> [ACTIVITY]
Should a picture appear anywhere in the data, omit it and copy everything else exactly.

------------

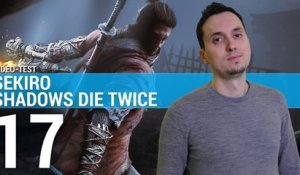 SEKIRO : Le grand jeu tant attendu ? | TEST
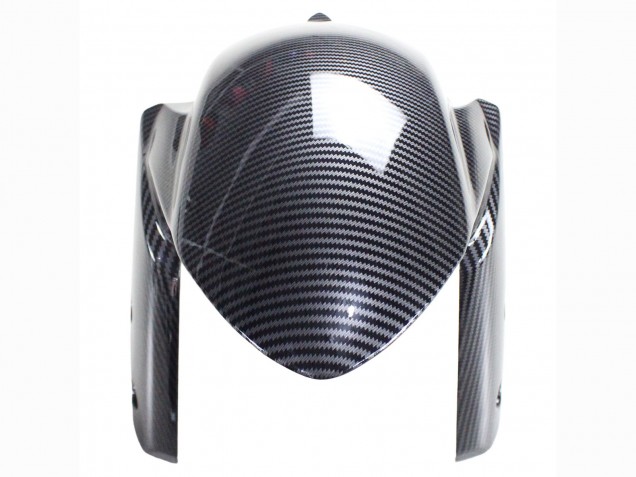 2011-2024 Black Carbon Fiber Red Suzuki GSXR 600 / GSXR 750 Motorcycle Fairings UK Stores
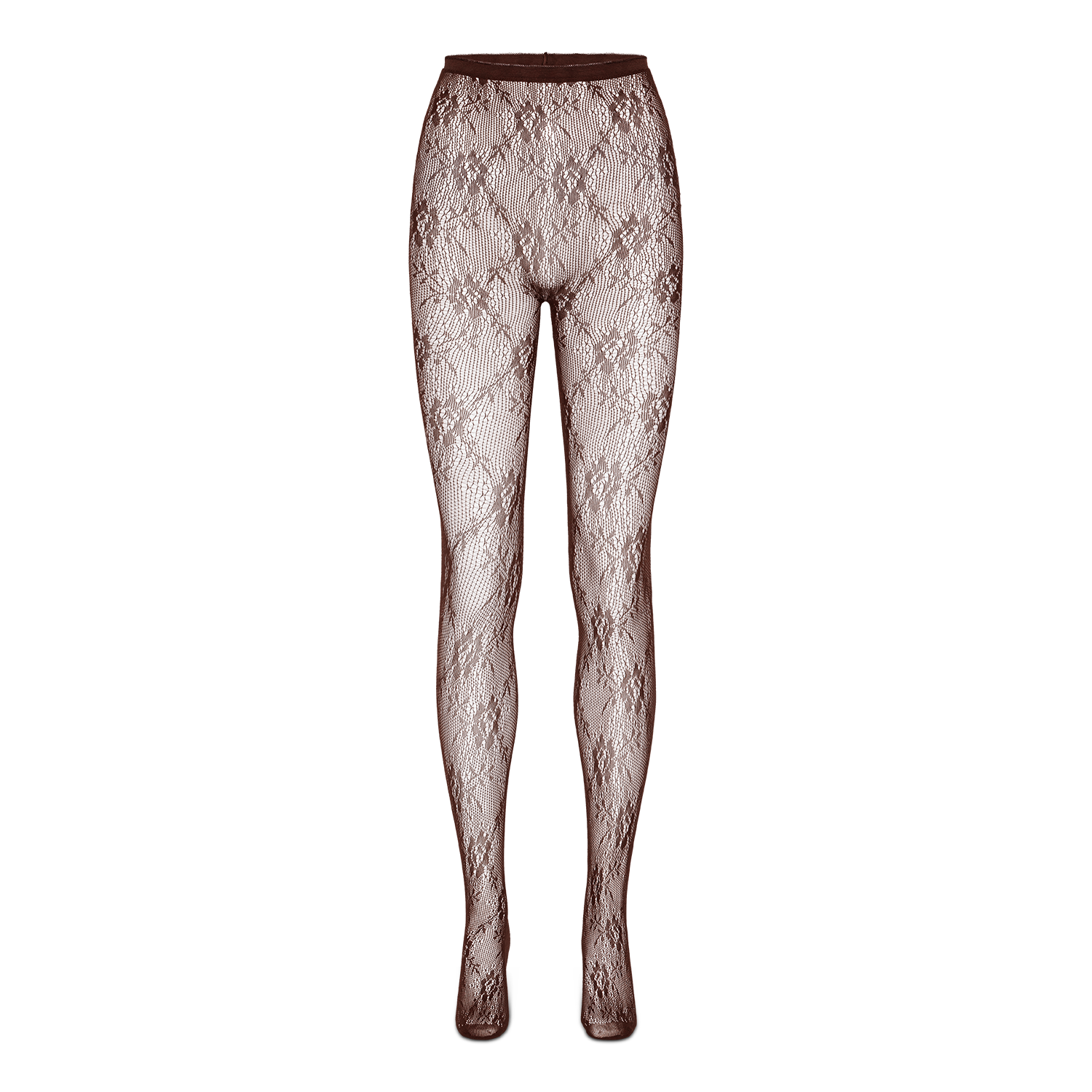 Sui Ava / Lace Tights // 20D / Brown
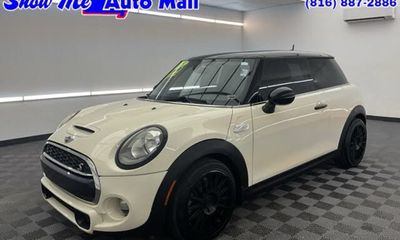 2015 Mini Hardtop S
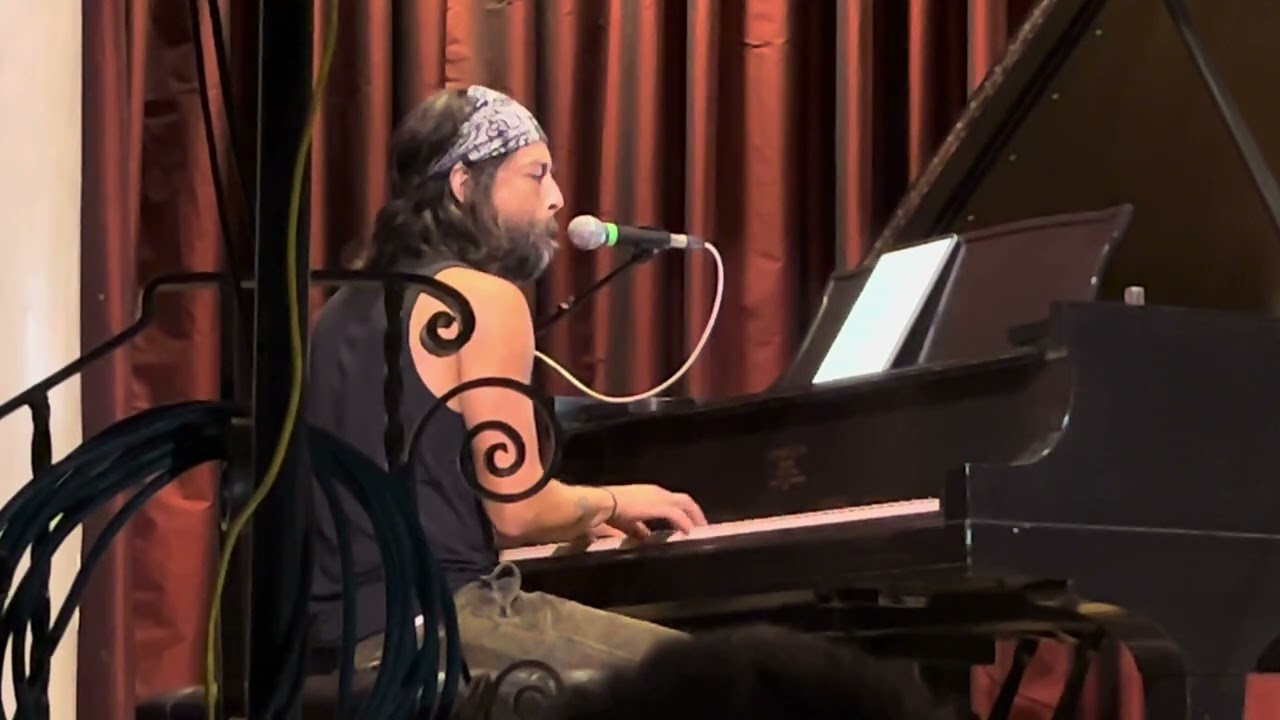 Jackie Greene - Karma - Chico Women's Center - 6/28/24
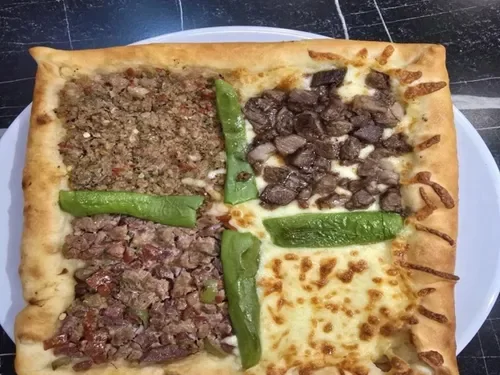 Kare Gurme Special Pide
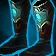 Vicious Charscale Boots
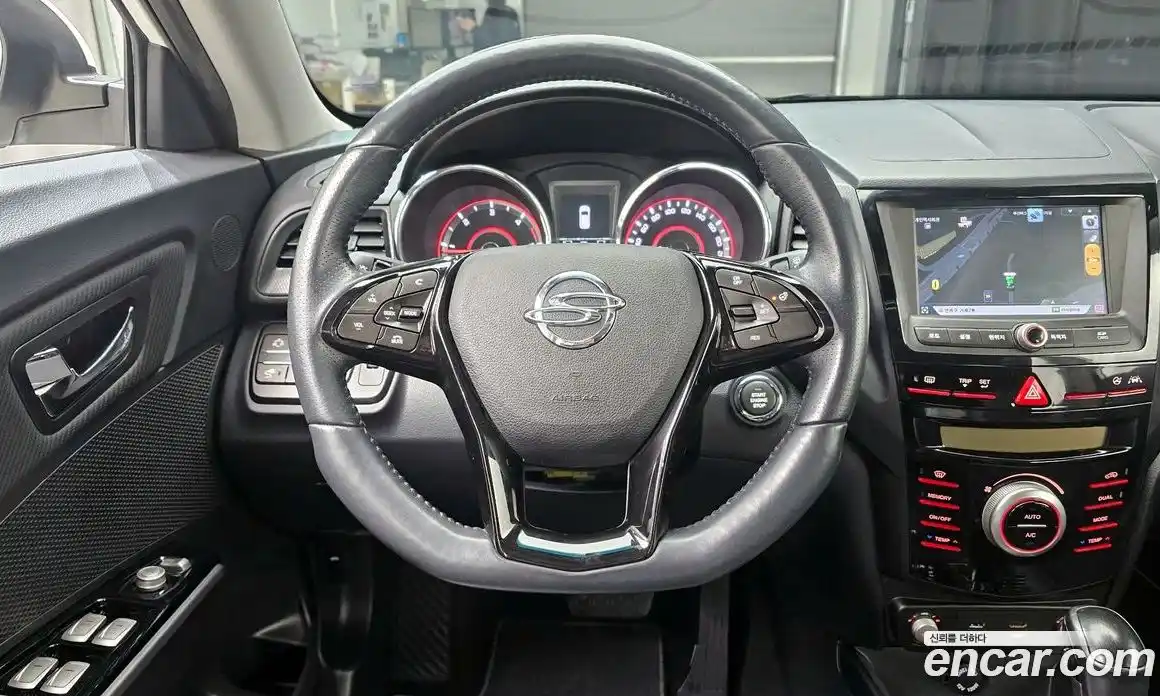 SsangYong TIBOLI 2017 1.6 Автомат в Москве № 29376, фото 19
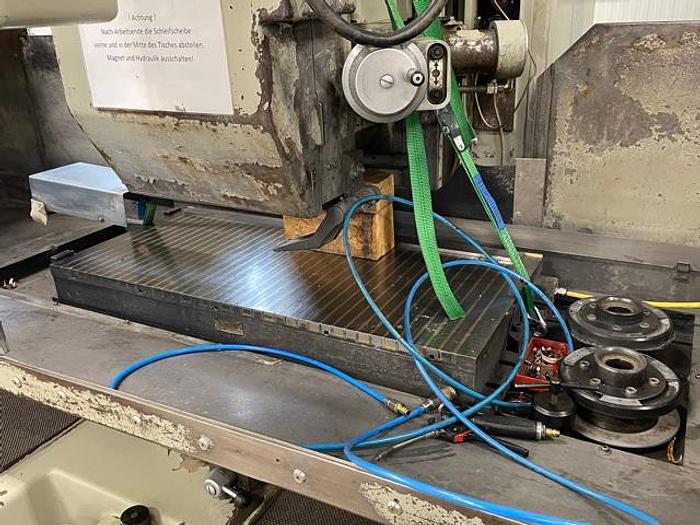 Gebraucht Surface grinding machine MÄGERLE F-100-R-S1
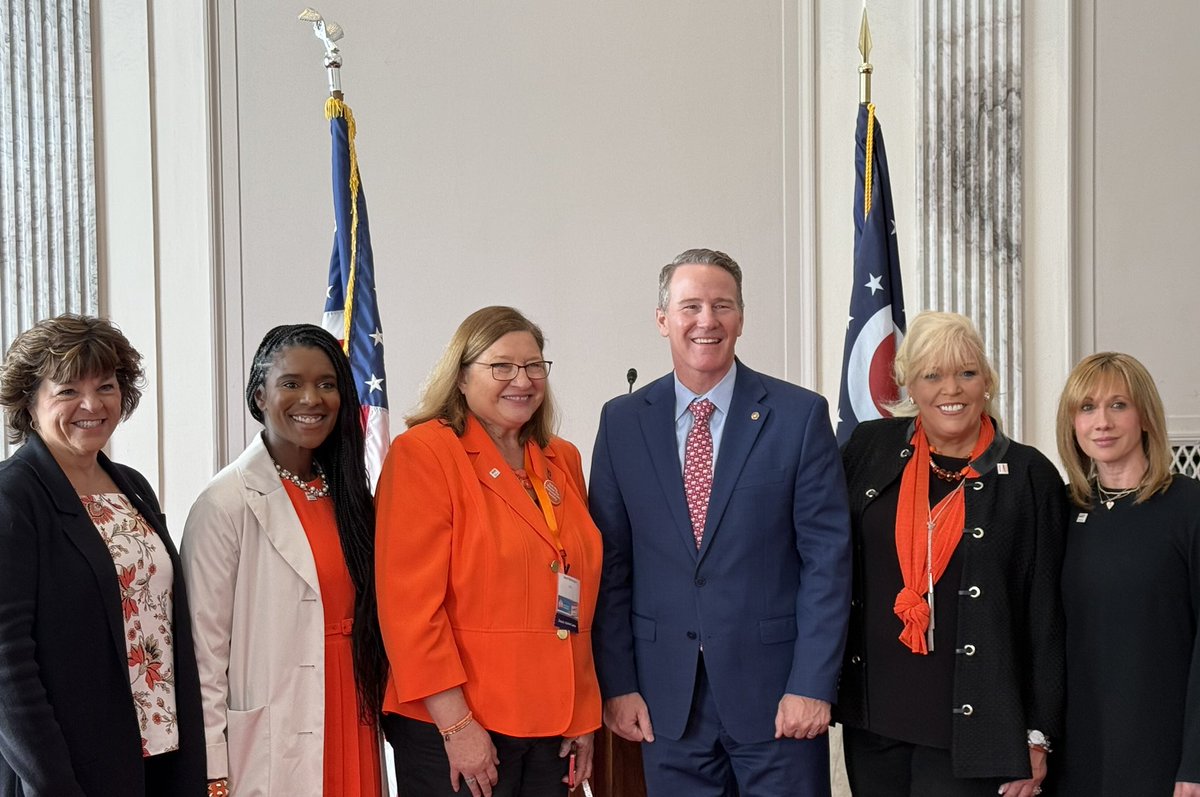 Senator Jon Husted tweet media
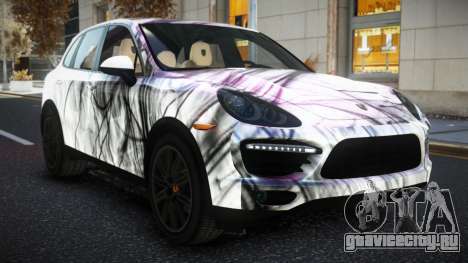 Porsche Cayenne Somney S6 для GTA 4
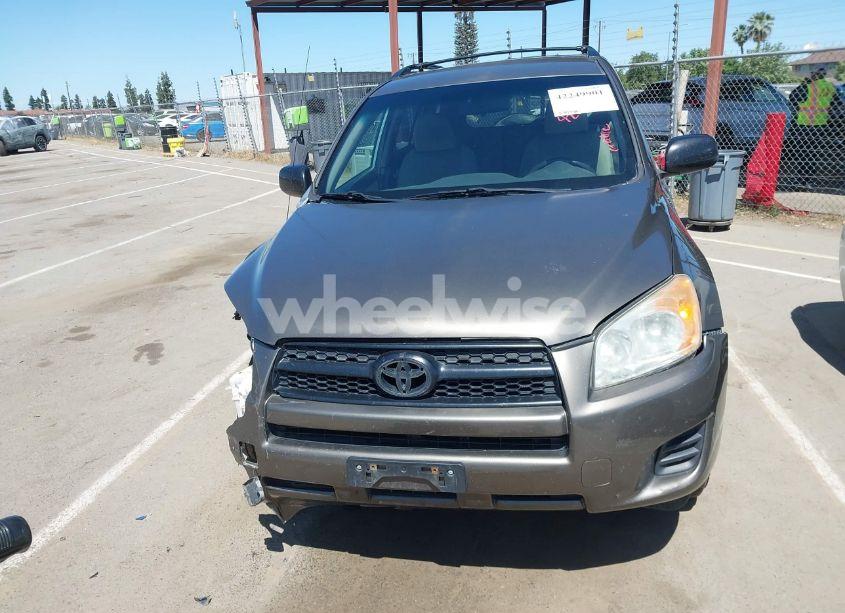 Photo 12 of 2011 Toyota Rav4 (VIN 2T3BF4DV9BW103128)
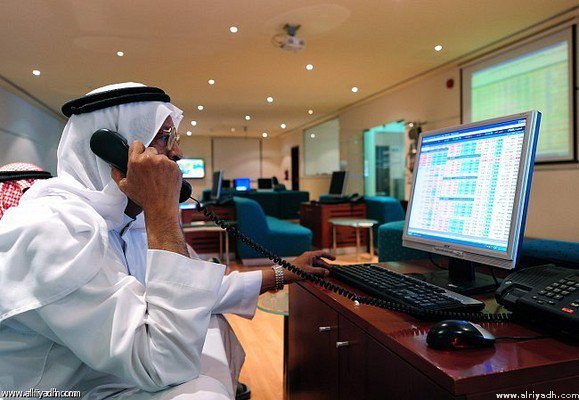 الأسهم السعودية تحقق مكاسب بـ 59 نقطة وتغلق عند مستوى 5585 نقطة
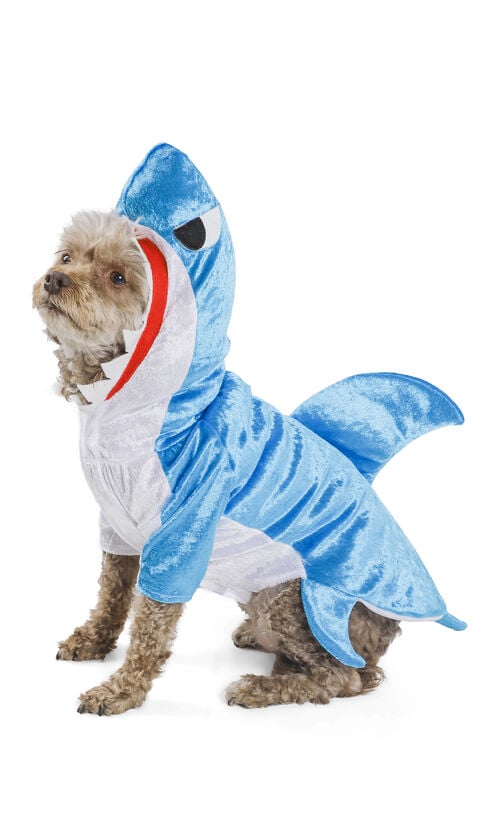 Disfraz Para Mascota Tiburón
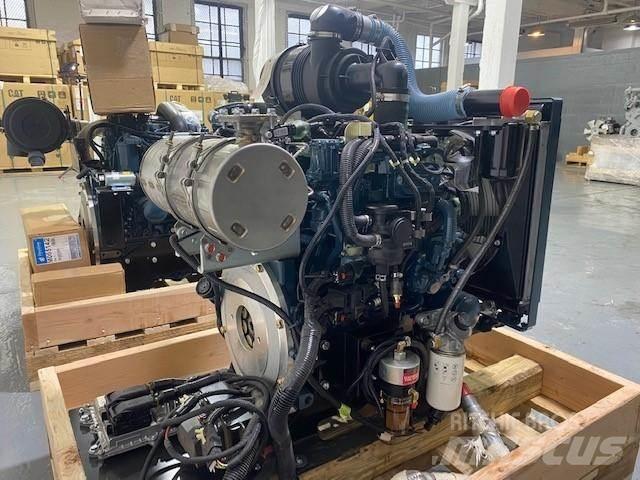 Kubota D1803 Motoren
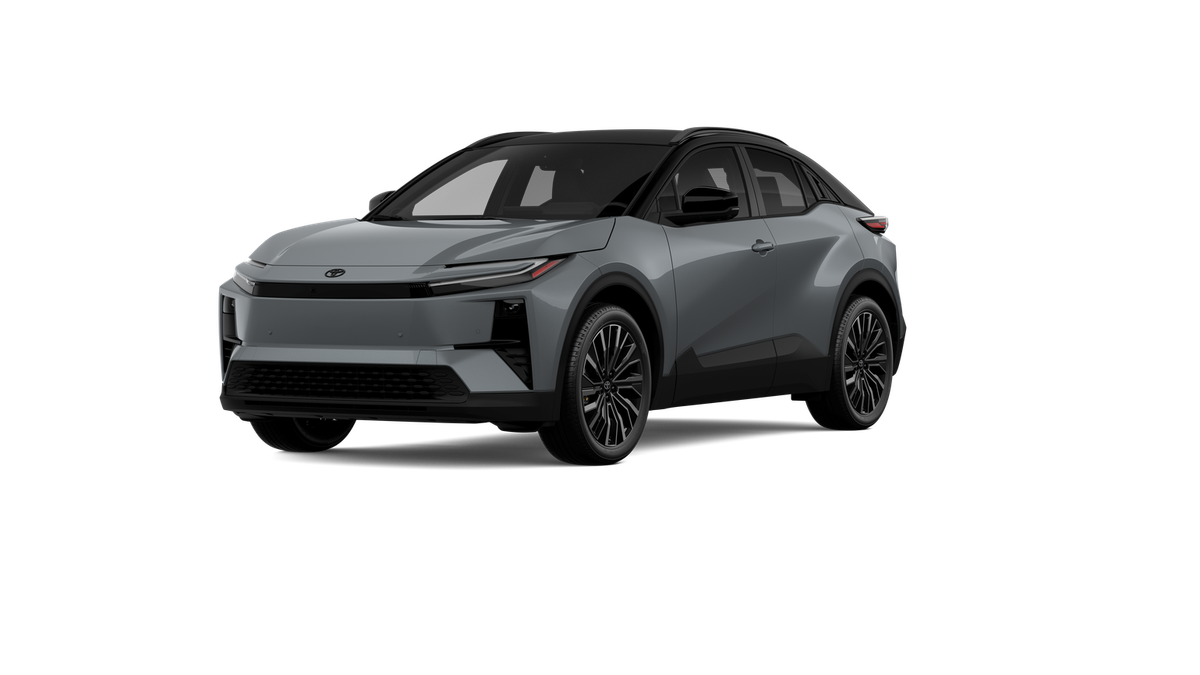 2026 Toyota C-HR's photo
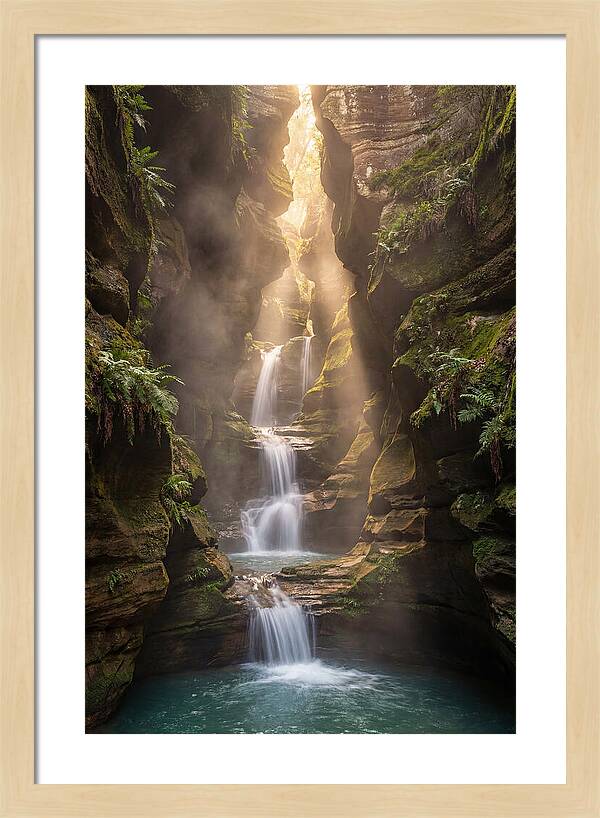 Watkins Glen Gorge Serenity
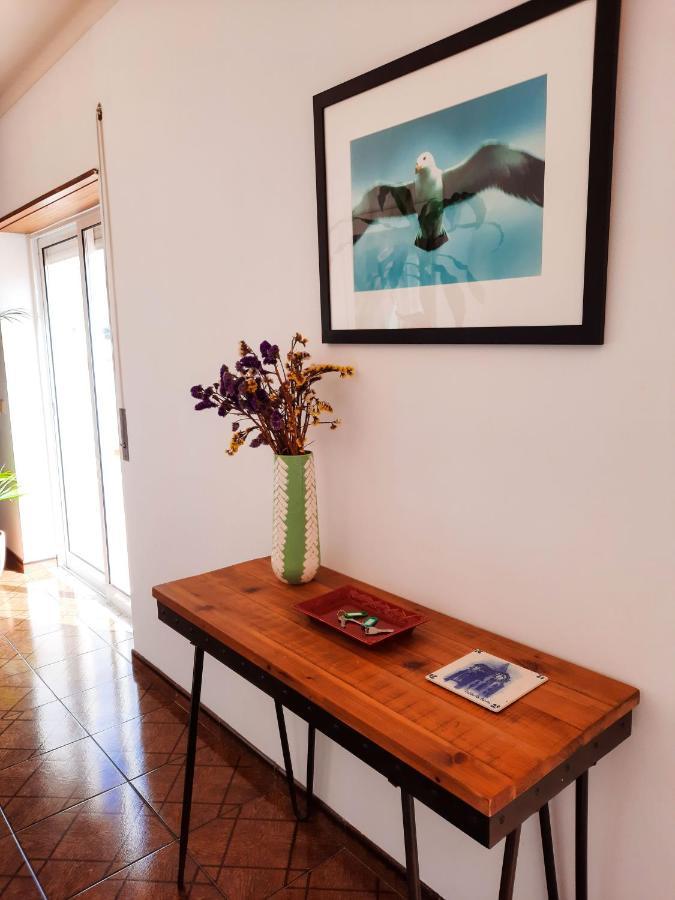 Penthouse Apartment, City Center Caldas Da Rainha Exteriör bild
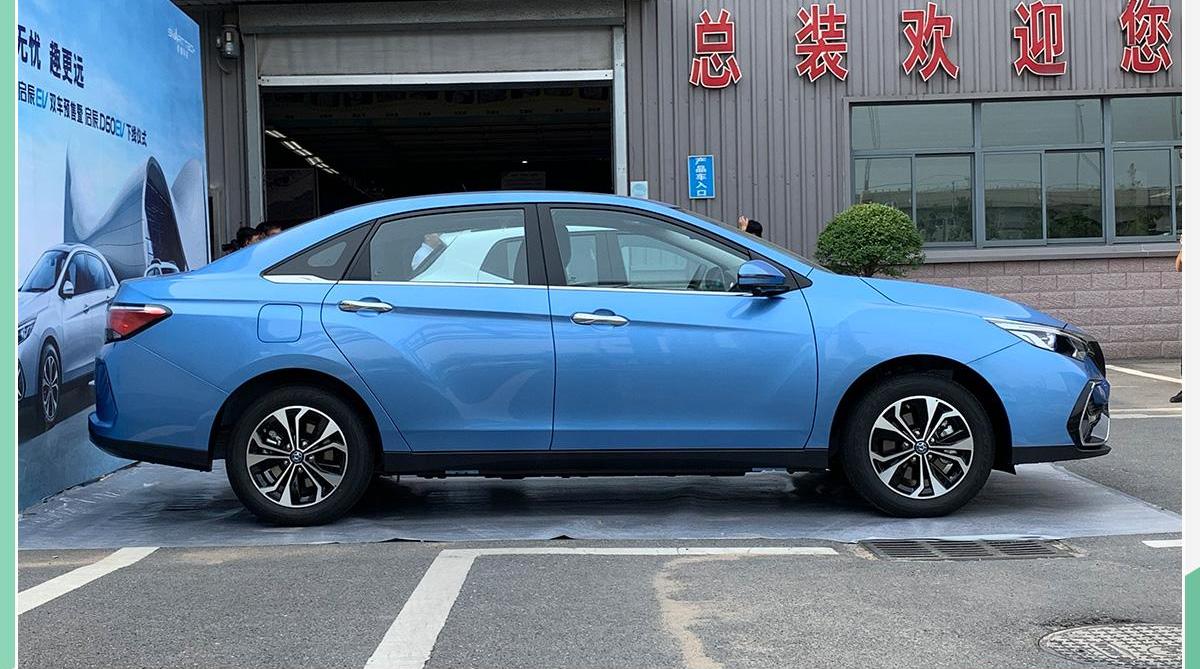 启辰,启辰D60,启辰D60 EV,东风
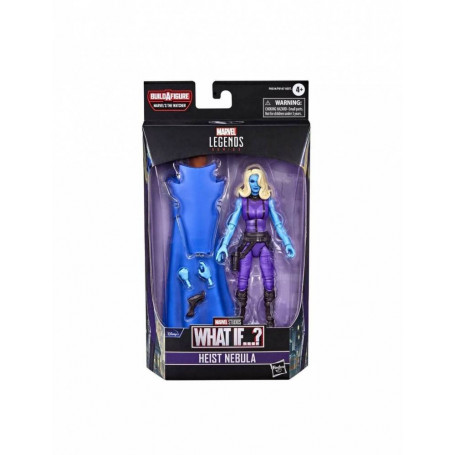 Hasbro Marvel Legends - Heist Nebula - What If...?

------------

> [RESPONSE TO THIS EXERCISE]
 SEKIRO : Le grand jeu tant attendu ? | TEST
 2011-2024 Black Carbon Fiber Red Suzuki GSXR 600 / GSXR 750 Motorcycle Fairings UK Stores
 Sui Ava / Lace Tights // 20D / Brown
 2015 Mini Hardtop S
 Jackie Greene - Karma - Chico Women's Center - 6/28/24
 Kare Gurme Special Pide
 Vicious Charscale Boots
 SsangYong TIBOLI 2017 1.6 Автомат в Москве № 29376, фото 19
 Gebraucht Surface grinding machine MÄGERLE F-100-R-S1
 Senator Jon Husted tweet media
 Porsche Cayenne Somney S6 для GTA 4
 Photo 12 of 2011 Toyota Rav4 (VIN 2T3BF4DV9BW103128)
 الأسهم السعودية تحقق مكاسب بـ 59 نقطة وتغلق عند مستوى 5585 نقطة
 Disfraz Para Mascota Tiburón
 Kubota D1803 Motoren
 2026 Toyota C-HR's photo
 Watkins Glen Gorge Serenity
 Penthouse Apartment, City Center Caldas Da Rainha Exteriör bild
 启辰,启辰D60,启辰D60 EV,东风
 Hasbro Marvel Legends - Heist Nebula - What If...?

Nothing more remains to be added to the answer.